First, a little bit of clarification. The stories I heard were not about computers typing English, they were about computers typing Vietnamese. Vietnamese is basically Latin with a couple funny hooks on top of the characters, like this: Tiếng Việt. To type Vietnamese, one of the most popular methods (now it has become de-facto) is TELEX. TELEX uses the unmodified Latin keyboard to express the hook by certain simple rules. An example would be to get Tiếng Việt, you type Tieengs Vieetj. There, two es make the ê, s makes the ế, and j makes the ệ. Therefore, creating an IME for Vietnamese is a tedious job, but there were no heuristics involved, so it is possible to make a very high-performance IME. This problem is very much solvable and has been solved many times.

The first time I heard about the computer being slow was around 1998 when I was a kid in Vietnam. At the time, there was a profession called "typist," whose job was to digitalize handwriting or poorly photocopied books/documents. That's one of the services provided by then-popular photocopy shops (like FedEx print shops here). At the time, Vietnam's de-facto word processor was Microsoft Office 95/97 on Windows 95. Back then, there was no Unicode, so Vietnamese documents utilize special fonts that have high-ASCII characters replaced by Vietnamese characters. Using the English version of Office with Vietnamese fonts worked well enough for most people.
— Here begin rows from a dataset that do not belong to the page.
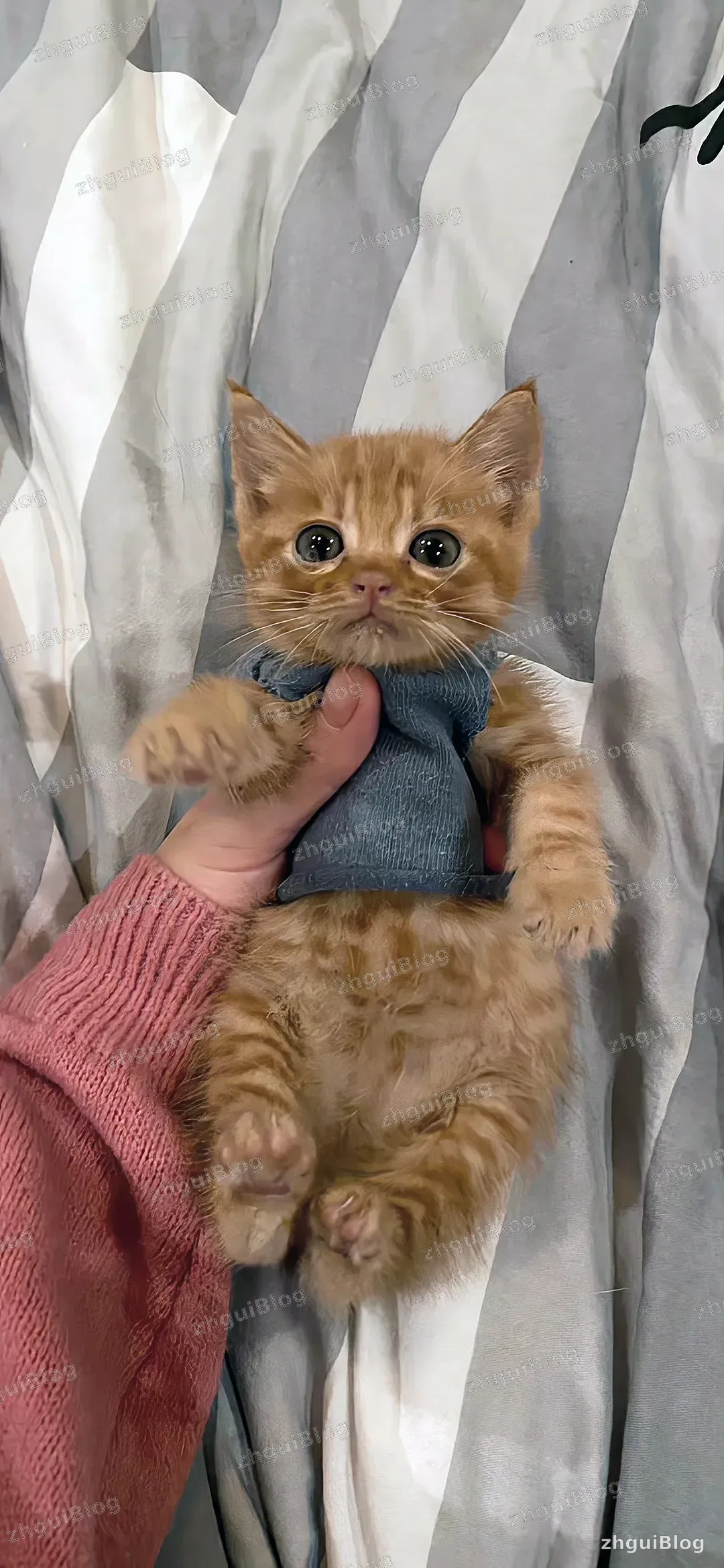 小猫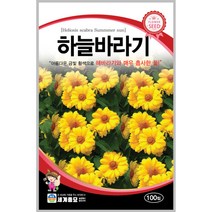 하늘바라기 100립 꽃씨 다년생 씨앗 몰 봄 여름 가을 야생화 세계종묘 농사마트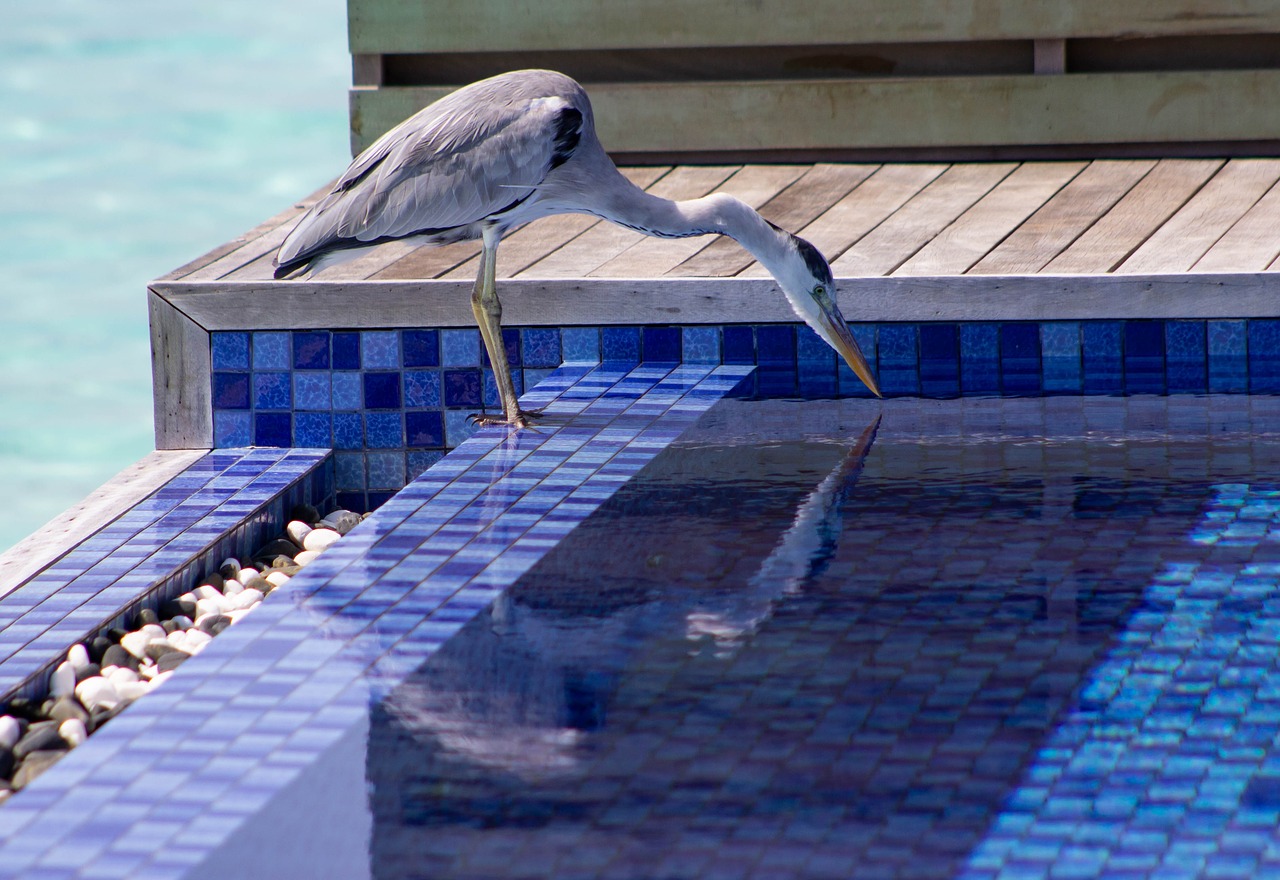 heron  pool  sea free photo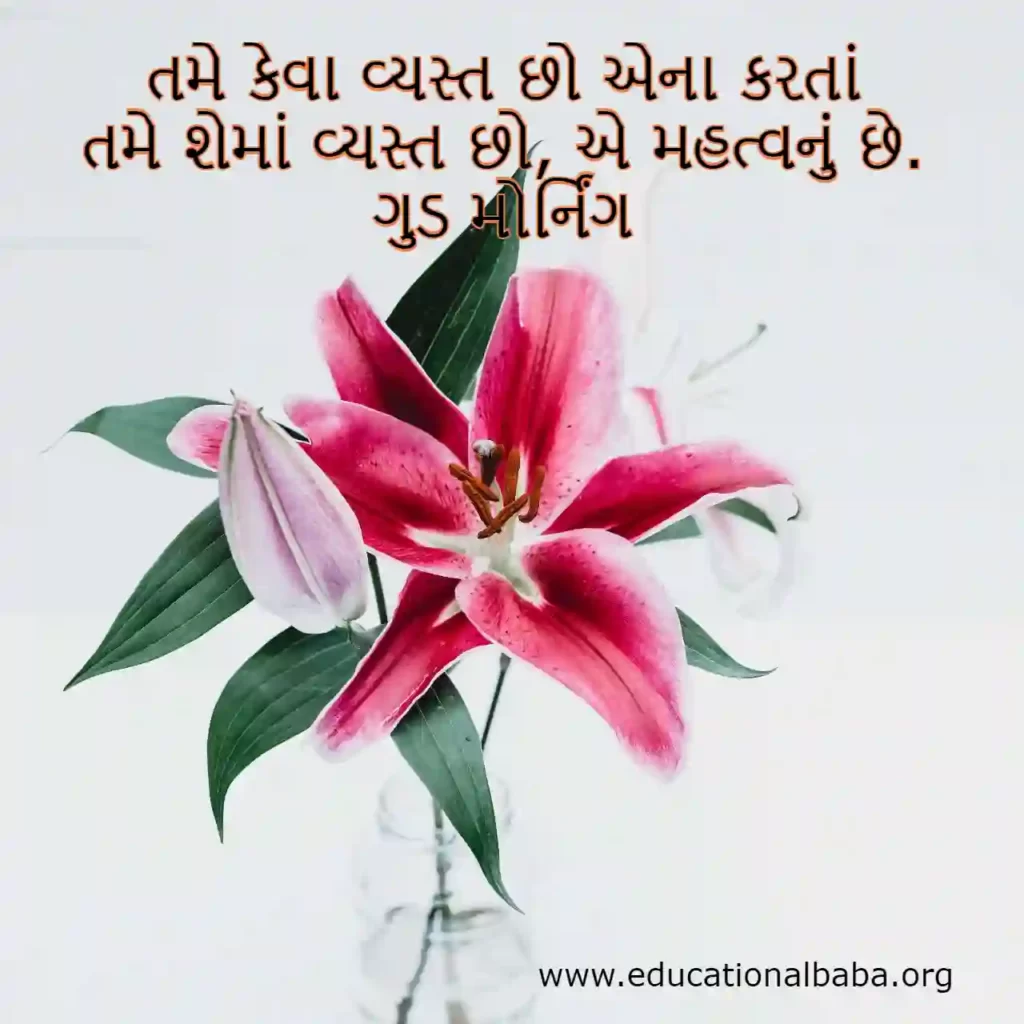 Good Morning Gujarati Pink Flower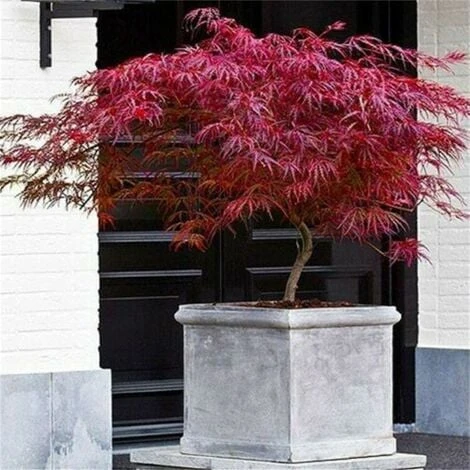 Acero Rosso Giapponese "Acer Palmatum Dissectum Firecracker" Pianta In Vaso 20 Cm 3 Acero Rosso Giapponese "Acer Palmatum Dissectum Firecracker" Pianta In Vaso 20 Cm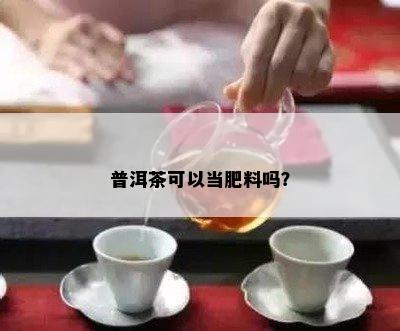 普洱茶可以当肥料吗？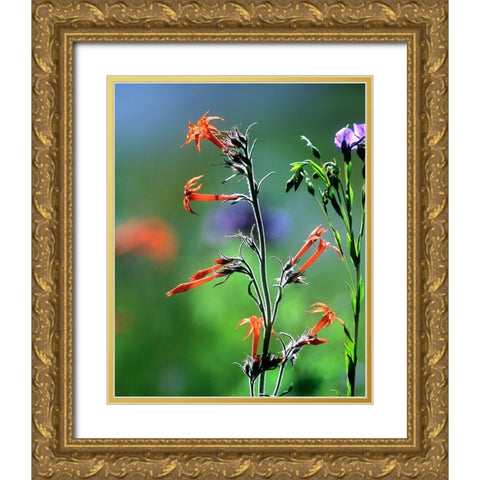 Scarlet Gilia and Blue Flax Gold Ornate Wood Framed Art Print with Double Matting by Fitzharris, Tim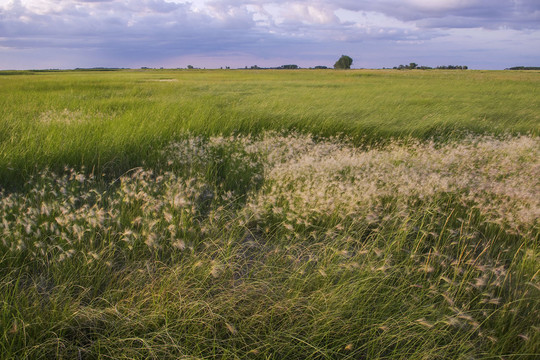 Grassy prairie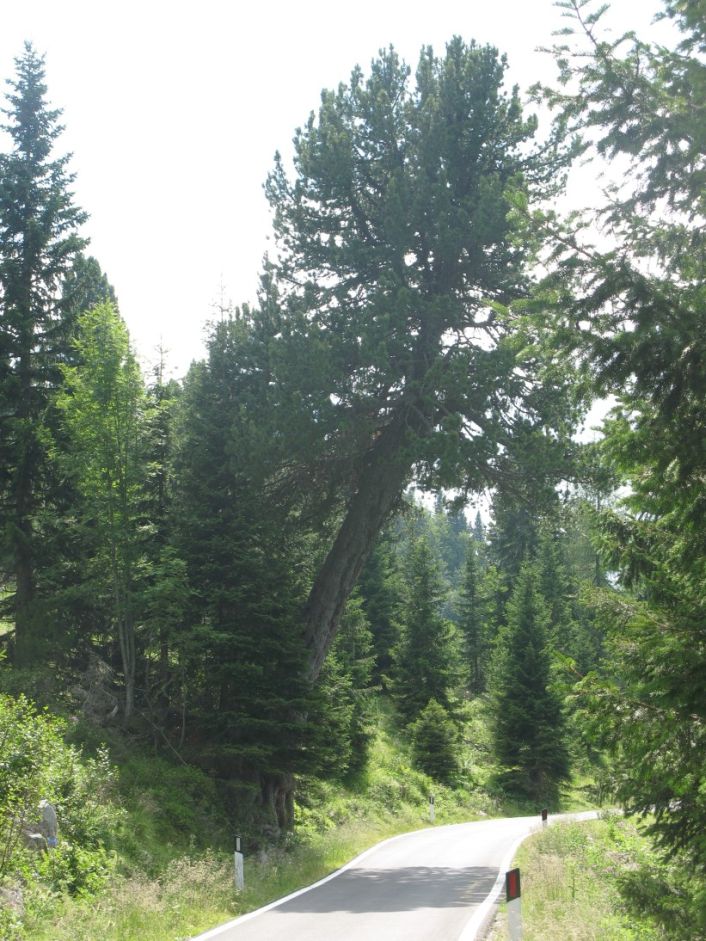 Passo Manghen - alla ricerca di alberi monumentali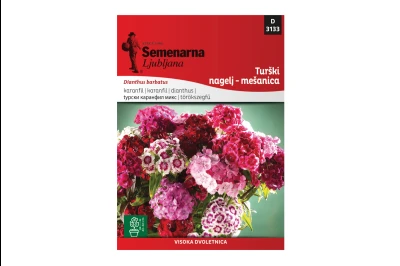 Semenarna TURSKI KARANFIL MIX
Given the IME program (named ABC, widely used in North Vietnam and in governmental offices) was originally written for Windows 3.1 and the computer has gotten so much faster since working with Vietnamese was already relatively painless.

I visited a photocopy shop one day, and I saw a lady who typed so extraordinarily fast – I don't think I have seen anyone typing as fast as she did since! Instead of using just Windows and MS Office, the typist switched to MS-DOS from time to time. On MS-DOS, she used a Vietnamese text editor called BKED that I wrote about. BKED has a lot of limitations so I was intrigued as to why she didn't "just" use MS Office. She told me that it's because typing Vietnamese with Windows is slow. With BKED, everything is so limited, but the program is fast and can keep up with her for once. That claim surprised me.

The second time I heard about it was from my friend in 2008 or so. At that point, Unicode was widely accepted as the standard and the IME of choice for most people in Vietnam was the (mostly open-source) program called Unikey that runs on Windows. There were two versions of Unikey, the newer version is 4.x – that is a core rewrite of 3.x. The 4.x release has so many features (and it was free) that upgrading wasn't even a question. When I hung out with my friend in the coffee shop, I saw her still using 3.x and I inquired. She responded: The 4.x felt slow and 3.x felt fast to her.

So I went on to investigate myself and from my impression, there was something different about Unikey 3.x that makes it actually more pleasant to use. Maybe it was the performance? So I changed some of the features of Unikey 3.x to match what of 4.x (because the author never released the source code for 4.x) and used it myself, and posted the modded version on my website.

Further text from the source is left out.